Education Minister Heng Swee Keat has said that with information readily available, rote learning has to make way for digital literacy.
SINGAPORE: Education Minister Heng Swee Keat has said that with information readily available, rote learning has to make way for digital literacy.
Speaking at the Second International Summit of the Book on Friday, Mr Heng said there is a need to place greater emphasis on critical and inventive thinking.
Whether it is a papyrus, print or the iPad, it seems that books are here to stay.
Professor Tommy Koh, chairman of the Organising Committee of the Second International Summit of the Book, and Ambassador-at-Large, said: “I think the book will endure to the end of time.
“But the form of the book has changed and will change. The container will change, the platform on which we read the book will also change.
“My children, for example, prefer to read the book either on the computer, on the iPad, on the tablet and other electronic forms. I still prefer the printed book. But in one form or another, the book will endure.
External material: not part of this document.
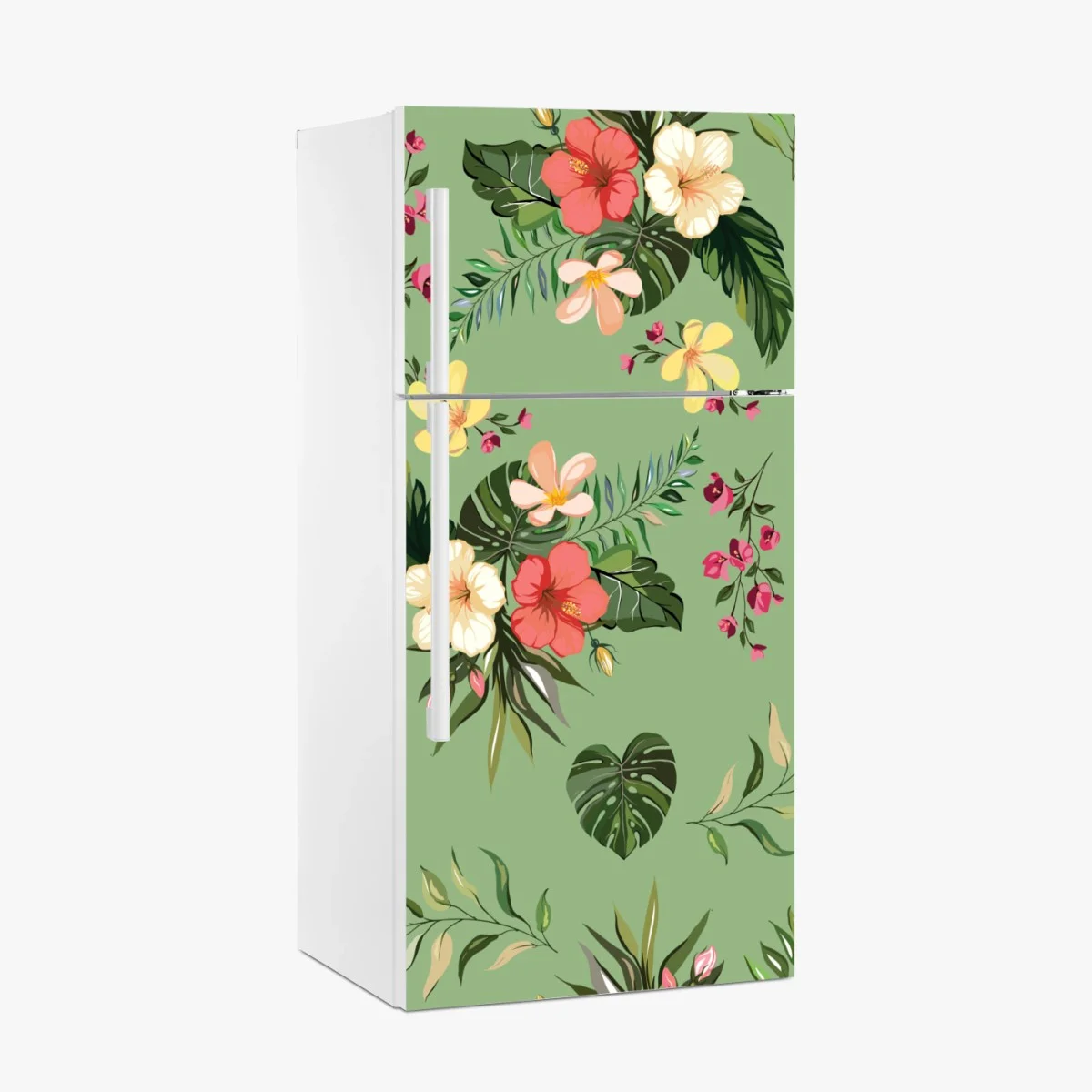 Pegatina para frigorífico diseño tropical de flores y hojas sobre fondo verde – Pixers® Pegatina para frigorífico diseño tropical de flores y hojas sobre fondo verde – Pixers®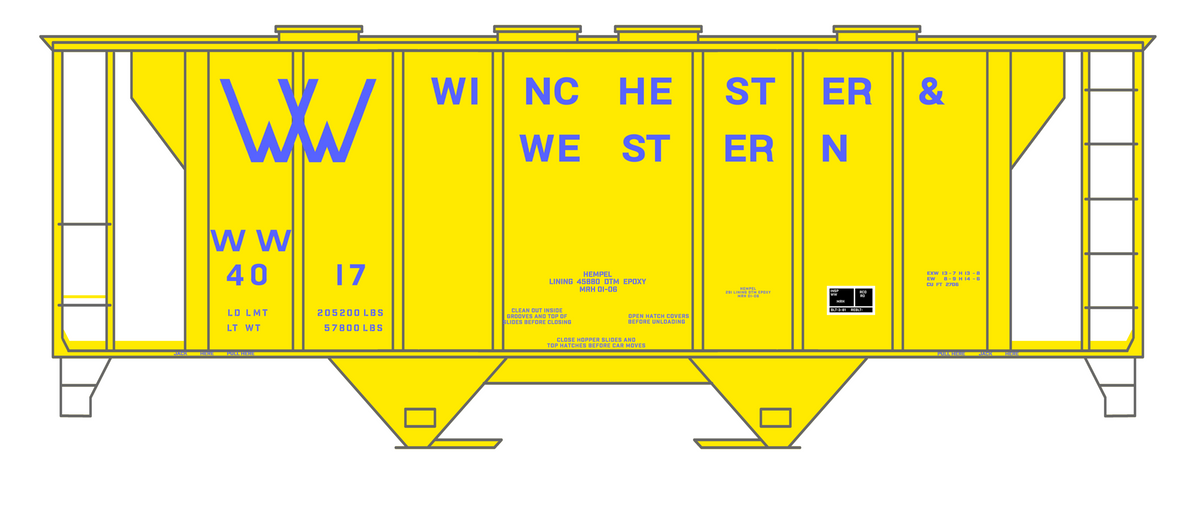 Winchester & Western Cement Covered Hopper Blue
There can be no human civilisation without books.”
But the question is whether readers are able to discern truths from untruths, especially in an era that is inundated with information.
Mr Heng said: “Some fear that the technologically sophisticated books of the future will dull the mind, as we no longer bother to use our imagination to render words into sounds and images.
“They worry too that we will forget to think for ourselves after we close the book because social media offers such an array of ready-made opinions that we will just pick one off the virtual shelf rather than form our own.
“We need to place greater emphasis on critical and inventive thinking, so that we may go on to imagine and create new insights.
“At the workplace, as the information revolution transforms the nature of work, our ability to move from theory to practice, to apply learning imaginatively in different contexts, and to create new knowledge, will become increasing valuable.”